Dizendo de outra forma, por um lado não queremos viver sem amor - sem emoções e sentimentos que signifiquem intensamente o dia a dia - mas, por outro, temos tanto medo que desenvolvemos estratégicas absurdas para o evitarmos.
Não queremos viver sem amor e, já agora, não podemos. Não podemos viver bem, apenas sobreviver. Claro que dá para adormecer e acordar todos os dias e desempenhar as tarefas que são supostas.
Mas, sem a proximidade a um grande amor, povoa-se a vida de pequenos amores investidos, sobreinvestidos, reinvestidos. Tudo esticadinho ao máximo para parecer muito e se sentir o mais possível.
Tudo junto, pode ser muita coisa e pode-se aproveitar quase tudo o que há: familiares, amigos, uma fé, uma causa, uma actividade, uma crença. Tudo serve ou pode servir como objecto de amor.
Mas aquilo de que falo quando quero falar de amor, refere-se a uma relação indefinível por palavras mas sensível e preenchente que todos esperam e que, quando acontece dá para reconhecer.
Só que aí, o ser capaz de viver um amor ergue-se como um desafio. Difícil e complicado.
Começo com uma suspeita sistemática sobre as intenções do outro. Como se ele quisesse de mim alguma coisa proíbida ou ilegítima, como se me pudesse roubar qualquer coisa de vital, ou como se ele fosse em si mesmo, só porque existe, um perigo, uma ameaça.
Ultrapassada essa barreira defensiva, quer dizer, uma vez tranquilizada e crente que os outros afinal também gostam de mim por nenhuma razão especial e que portanto não me vão ficar com as pratas da família, ou com dois bocados de alma, passo á fase seguinte.
Esta consiste, no essencial, em arranjar imbróglios. Tudo serve nesta congeminação destinada a fazer prova de amor: ou é a família que não apoia a relação por eu ser uma mulher divorciada, que retomam ciclicamente como pesadelo corporizado e fantasma maléfico, ou é um parente ou um amigo toxicodependente ou com uma situação rara, que interferem a cada passo.
Á falta destes argumentos, que quase toda a gente tem disponíveis como fontes de preocupação e empecilhos à vivência de um grande amor, arranjam-se outros de segunda linha.

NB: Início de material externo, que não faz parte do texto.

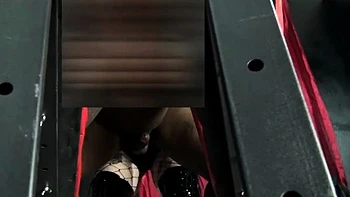 Condessa Nyx fode a bunda de uma pirralha negra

Aí, são as dificuldades geográficas ou de horários, género "moras longe", "tenho que trabalhar até tarde", …. De argumento em argumento chega-se a um nível superior de construção ideativa: o da competição.

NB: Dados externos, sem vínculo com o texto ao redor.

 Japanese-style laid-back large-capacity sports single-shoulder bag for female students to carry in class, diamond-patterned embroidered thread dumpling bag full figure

Não fica necessariamente em jogo quem é que ganha mais ou é mais importante. Muito mais frequente é a contabilização dos gestos e procedimentos que exprimem quem gosta mais, quem faz mais pela relação ou pelo outro, ou pelo projecto de vida ou pelo futuro ou coisas assim, que se prestam a discussões infinitas e a conclusões inconclusivas.
Se, no meio disto tudo, o amor não se dissipa nem se transforma em hábitos e rotinas… está-se cheio de sorte e pode-se dizer que se pode viver um grande amor.
Há quem diga que os grande amores têm prazos de validade.
Percebe-se porquê. Para serem grandes têm que ser permanentes e invasivos. Têm que provocar tensões, ansiedades e medos de perda. Precisam de drama e de mistério. Precisam de inacessibilidades, de presenças e ausências, de partidas com lágrimas e de regressos apaziguadores. Precisam de um movimento, de uma cor e de um cheiro que os torne únicos.
Estupidamente, eu, protagonista de algumas destas histórias de amor, não preciso de nada disto. Não aguento tanto folclore com facilidade e acabo repartida entre a ideia de que "é bom", e "isto não pode continuar"; "é muito bom", "devo estar louca", "é o homem da minha vida", "ninguém faz isto"; "tenho que pôr ordem na minha vida" e " que coisa mais anormal".
Vai daí, suspiro pela normalização da relação, pelo momento em que tudo decorra tranquilamente.
Desejo ser capaz de me voltar a preocupar com assuntos banais, com temas sem nenhuma referência ao outro.
Espero o dia em que, sem mágoa, o possa mandar de fim de semana com os amigos ou à pesca para longe.
Claro que, quando esse momento chega e se instala, quando o amor se adquire como facto consumado, esperado e devido deixa-se o território do grande amor.
Fico com a nostalgia de uma iniciação, a saudade do que já foi, o compromisso desejável entre o tudo e o nada. Ou então reinicio o ciclo de procura de sentidos e lá vou eu outra vez… hesitante.
"Quem me livra deste amor que não escolhi, meus Deus livra-me de mim!.